* Dataset section *

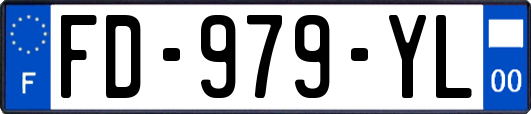 FD-979-YL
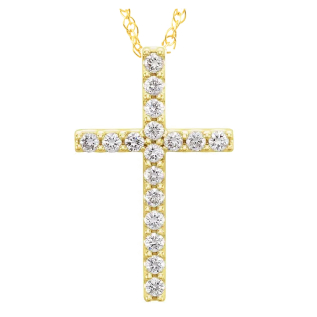 The Meaning and Beauty Behind Diamond Cross Jewelry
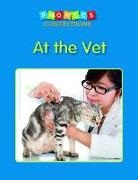 Amy Levin - At the Vet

* Work to be completed *
Print all of the material exactly. Omit pictures.

* Answer for the task *
 FD-979-YL
 The Meaning and Beauty Behind Diamond Cross Jewelry
 Amy Levin - At the Vet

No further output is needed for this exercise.